Ponter volvió a guardar silencio, y Mary se agitó en su regazo, echándose un poco hacía atrás para estudiar su rostro ancho, barbudo y redondo. Había tanta inteligencia en sus ojos dorados, tanta amabilidad.
—Ponter, lamento haber reaccionado de esta manera. Lo último que quiero es que te calles … que te sientas intimidado para hablarme a las claras. Por favor, dime qué ibas a decir.
Ponter inspiró profundamente, y cuando lo hizo, fue suficiente para que Mary sintiera una leve brisa.
—¿Recuerdas que te dije que había visto a un escultor de personalidad?
Mary asintió, cortante.
—Por mi violación. Sí.
—Ésa fue la principal causa de mis visitas al escultor, pero otras … otras cosas, otros asuntos … —Nosotros los llamamos temas.
—Ah. Resultó que yo tenía otros temas que resolver.
—¿Y?
Ponter se agitó en la silla, moviendo consigo sin dificultad a Mary.
—El escultor de personalidad se llama Jurard Selgan —dijo. Algo irrelevante, para ganar tiempo mientras ordenaba sus pensamientos—. Selgan tenía una hipótesis sobre …
—¿Si?
Ponter se encogió levemente de hombros.
—Sobre mi atracción por ti.
A Mary la espalda se le envaró. Ya era bastante malo ser aparentemente la causa de los problemas de Ponter … pero ser objeto de las teorías de alguien a quien no había visto nunca! Su voz fue pleistocénica en su frialdad.
—¿Y cuál era su hipótesis?
—Sabes que Klast, mi mujer-compañera, murió de cáncer de la sangre.
Mary asintió.
—Y ella ya no existe. Completa y totalmente carece de existencia.

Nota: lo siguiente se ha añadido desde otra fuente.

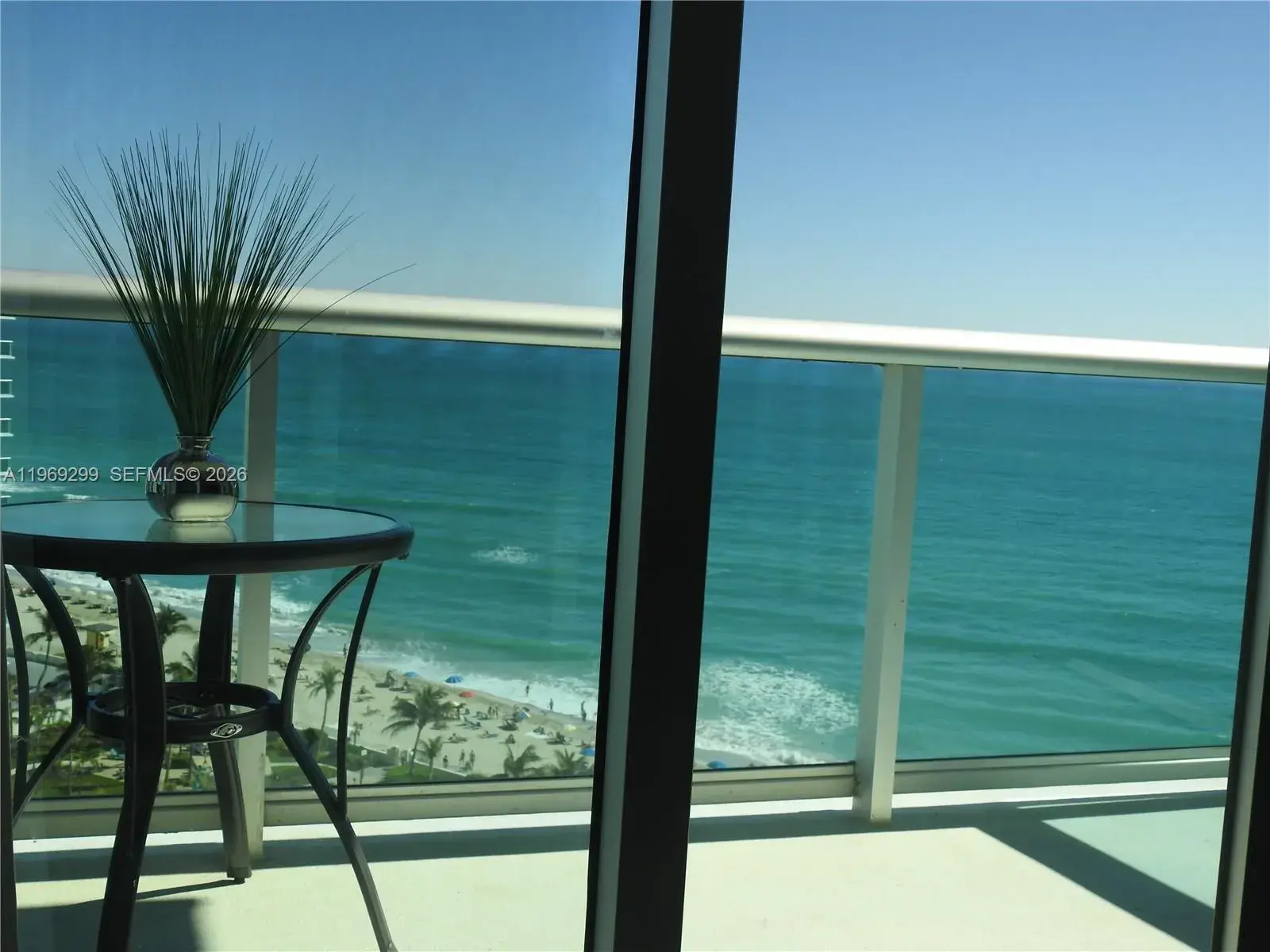 1 bedroom 1 bath Residential Lease for rent at 3901 S Ocean Dr, Hollywood FL 33019
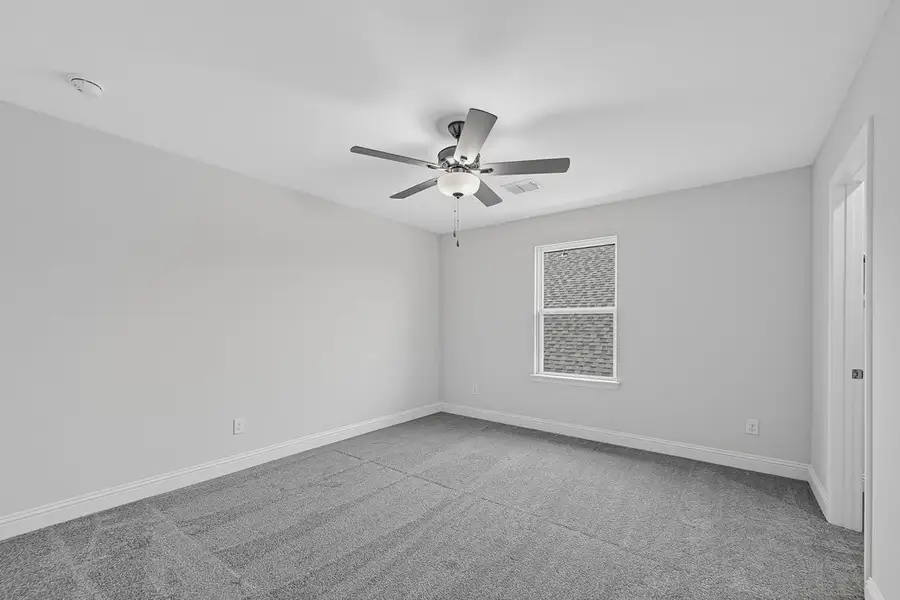 Spacious, unfurnished interior of a new home in South Oak, Lakewood Village (Image 23).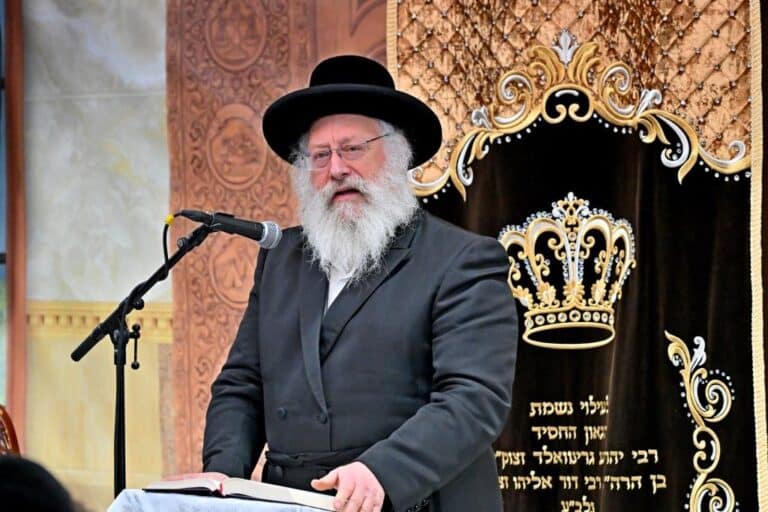גלריה: רבה של בני ברק בשיעור בהיכל בית מדרש ספינקא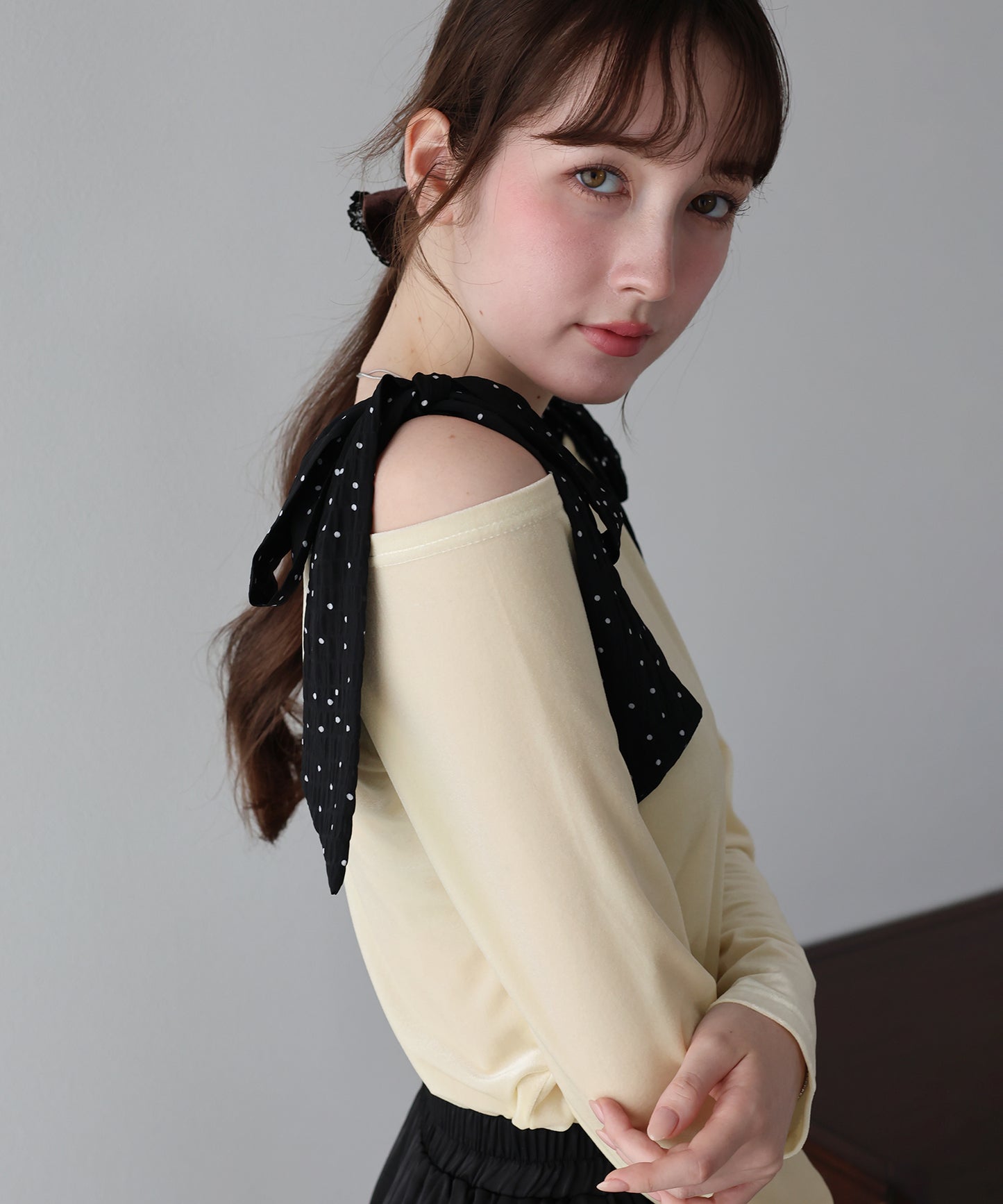 【早割5％OFF】ショルダードットリボンベロアトップス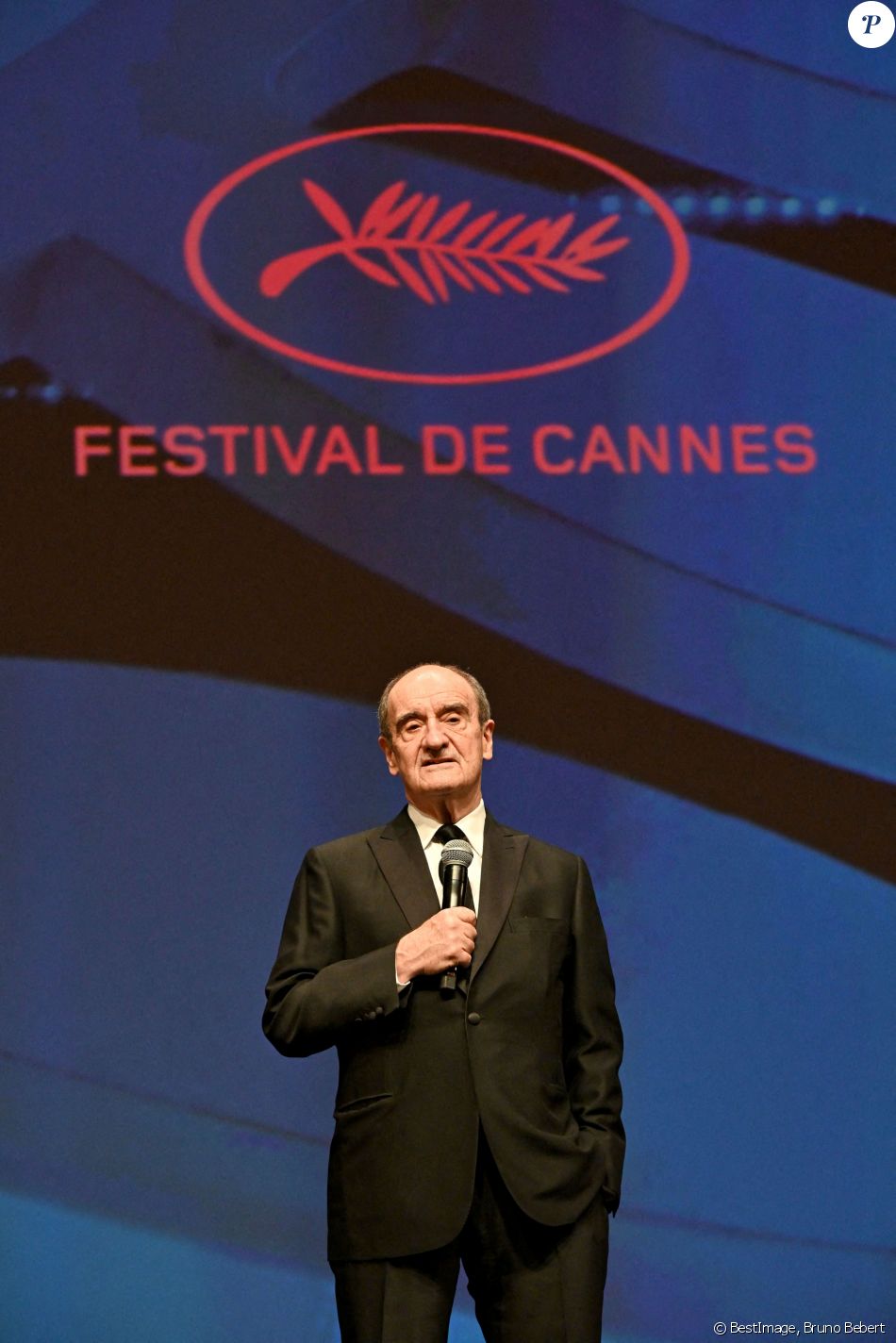 Pierre Lescure, le président du Festival de Cannes, durant la soirée d&#039;ouverture du Special Cannes Film Festival 2020 au Palais des Festivals à Cannes, le 27 octobre 2020. © Bruno Bebert/Bestimage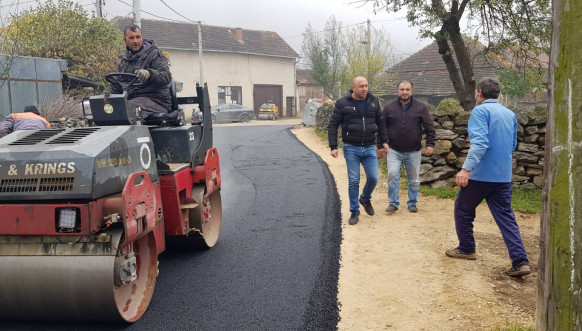 Klokot: Asfaltiranje ulice u selu Grnčar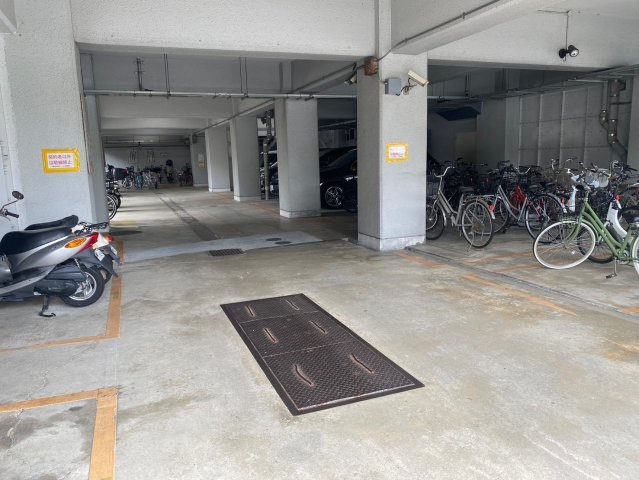 日商岩井朱雀マンションの駐車場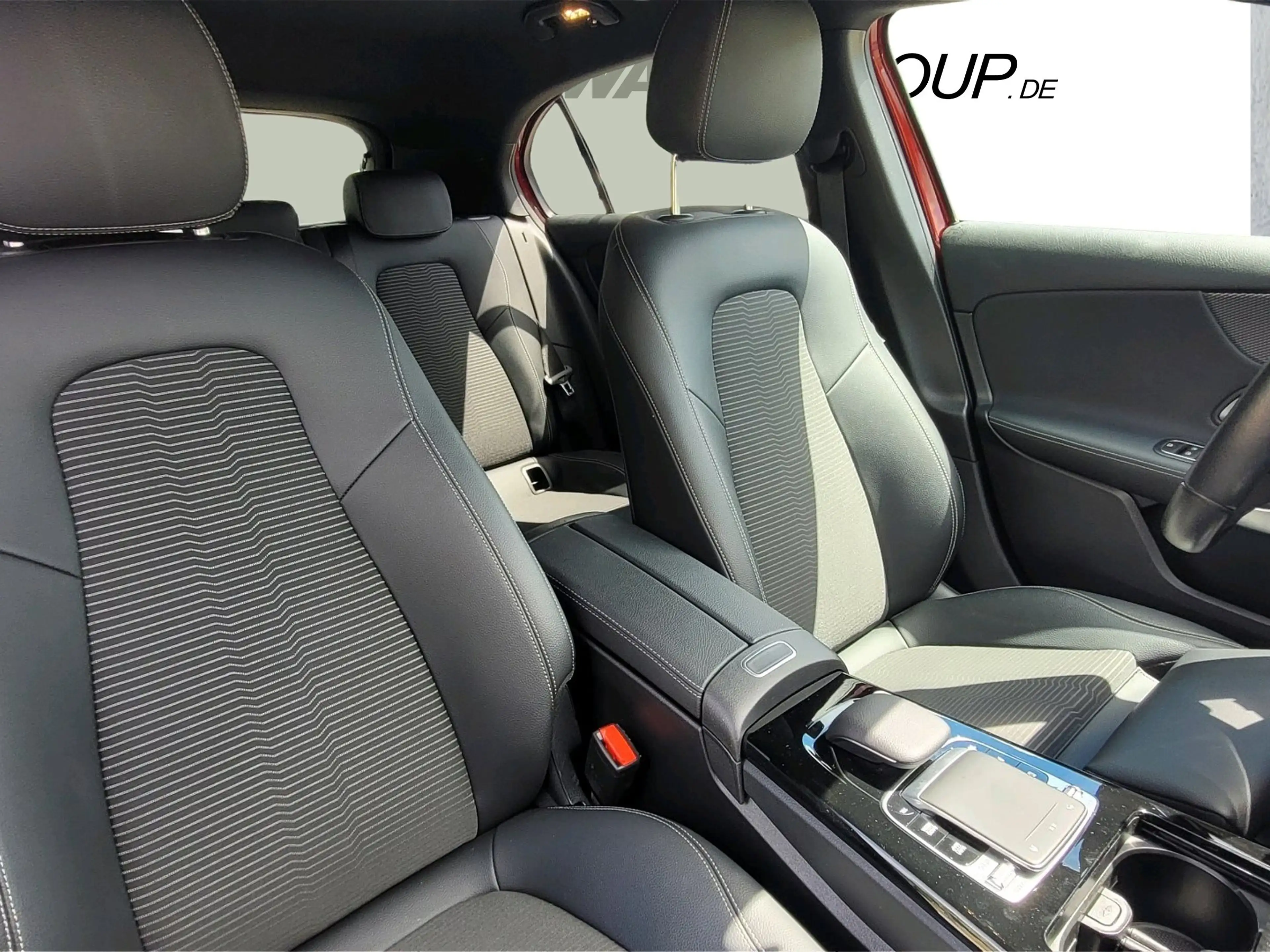 Mercedes-Benz A 220 4Matic — photo 12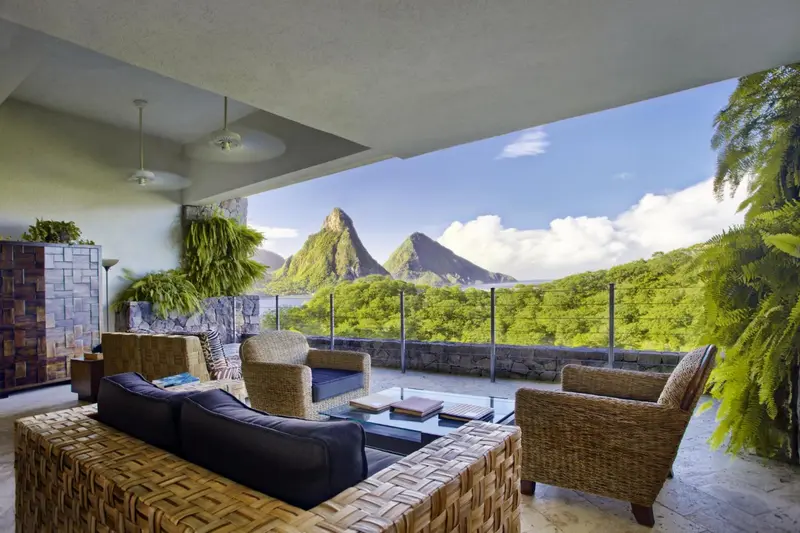 Un espace de détente intérieur offre une vue sur un paysage montagneux luxuriant.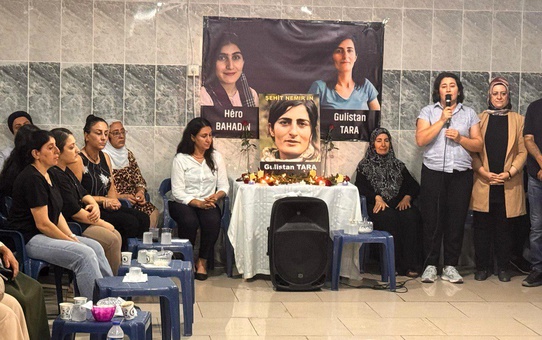 DEM Milletvekili Zeynep Oduncu, MİT'in başarılı operasyonu sonucu etkisiz hale getirilen terörist için taziye çadırını ziyaret etti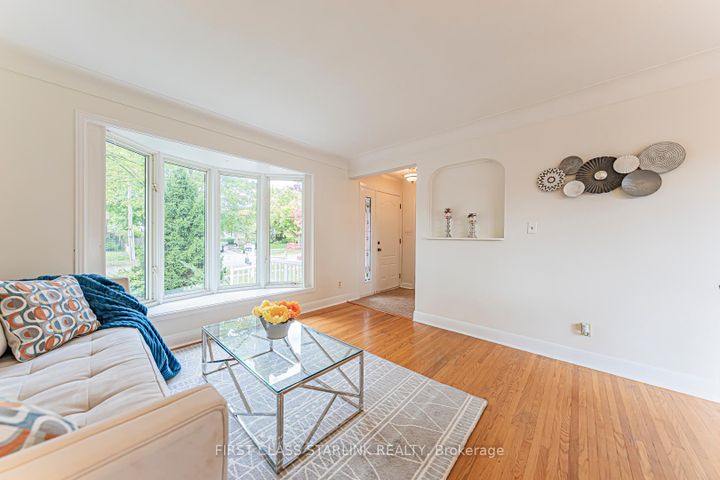 Photo 5 at 621 Dynes Road, Roseland, Burlington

—Como aquellos a quienes se recuerda en el muro de los veteranas de Vietnam-dijo Mary, recordando su viaje a Washington y el argumento que Ponter había defendido tan vigorosamente allí.
—¡Exactamente! —dijo Ponter—. ¡Exactamente!
Mary asintió, las piezas empezaban a encajar.
—Te inquietó que la gente del muro de Vietnam encontrara consuelo en la idea de que sus seres amados pudieran existir todavía de alguna forma.
—Ka. dijo Ponter en voz baja; Christine no se molestaba en traducir la palabra neandertal para «sí» si eso era todo lo que decía un barast.
Mary volvió a asentir.
—Tenías … tenías celos de ellos, del consuelo que sentían, a pesar de su trágica pérdida. El consuelo que se te negaba por no creer en el cielo ni en otra vida.
—Ka. —repitió Ponter. Pero, después de una larga pausa, continuó, mientras Christine traducía—. Pero Selgan y yo no hablamos de mi visita a Washington.
—¿Entonces qué?
—El sugirió que … que mi atracción por ti …
—¿Sí?
Ponter alzó la cabeza y miró al techo con su mural pintado.
—Antes he dicho que nunca había creído en nada que demuestre lo contrario. Lo mismo podría decirse de creer en cosas de las que no hay ninguna prueba. Pero Selgan sugirió que tal vez yo te creí cuando dijiste que tenías un alma, cuando dijiste que seguirías existiendo en alguna forma, incluso después de la muerte.